====== SOURCE DATA

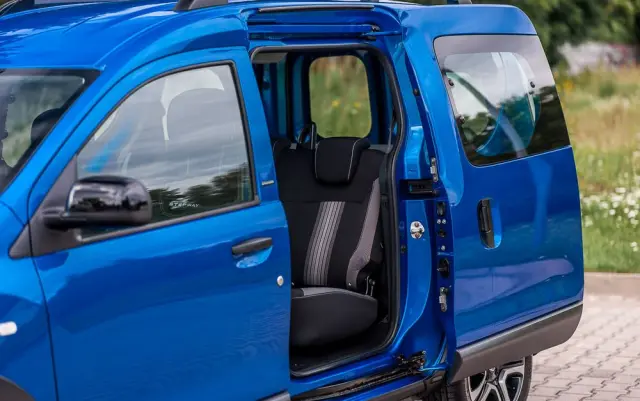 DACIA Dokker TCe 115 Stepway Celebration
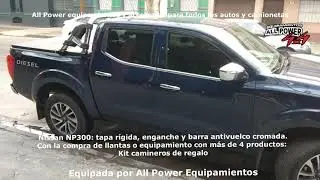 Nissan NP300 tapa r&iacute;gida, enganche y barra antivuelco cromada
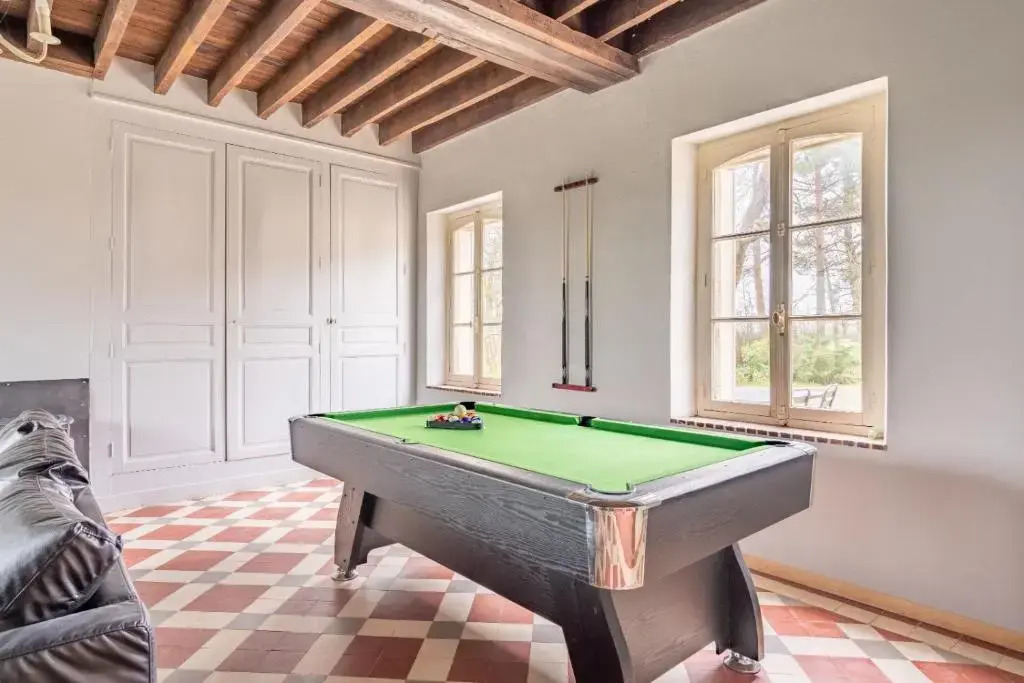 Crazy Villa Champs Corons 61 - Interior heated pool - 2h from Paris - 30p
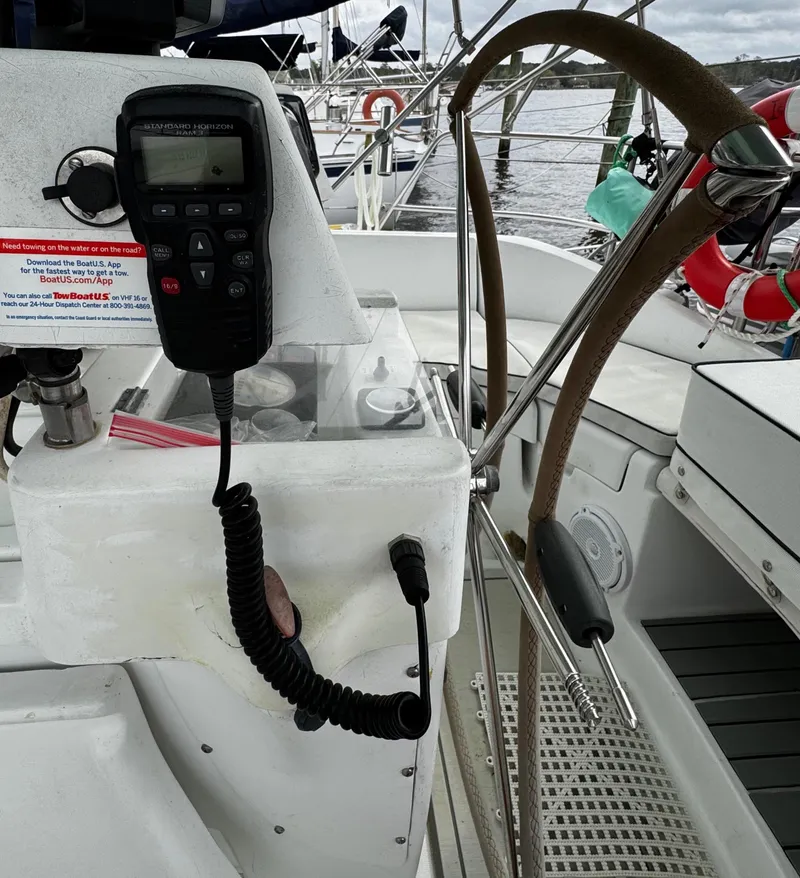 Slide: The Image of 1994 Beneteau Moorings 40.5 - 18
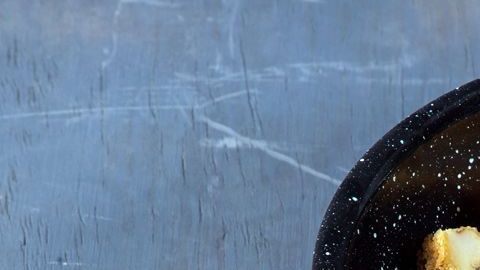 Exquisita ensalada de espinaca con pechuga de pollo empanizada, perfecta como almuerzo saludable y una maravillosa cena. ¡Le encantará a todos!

============

Please write out all the entries above exactly, but leave out the pictures.

(REPLY)
 DACIA Dokker TCe 115 Stepway Celebration
 Nissan NP300 tapa r&iacute;gida, enganche y barra antivuelco cromada
 Crazy Villa Champs Corons 61 - Interior heated pool - 2h from Paris - 30p
 Slide: The Image of 1994 Beneteau Moorings 40.5 - 18
 Exquisita ensalada de espinaca con pechuga de pollo empanizada, perfecta como almuerzo saludable y una maravillosa cena. ¡Le encantará a todos!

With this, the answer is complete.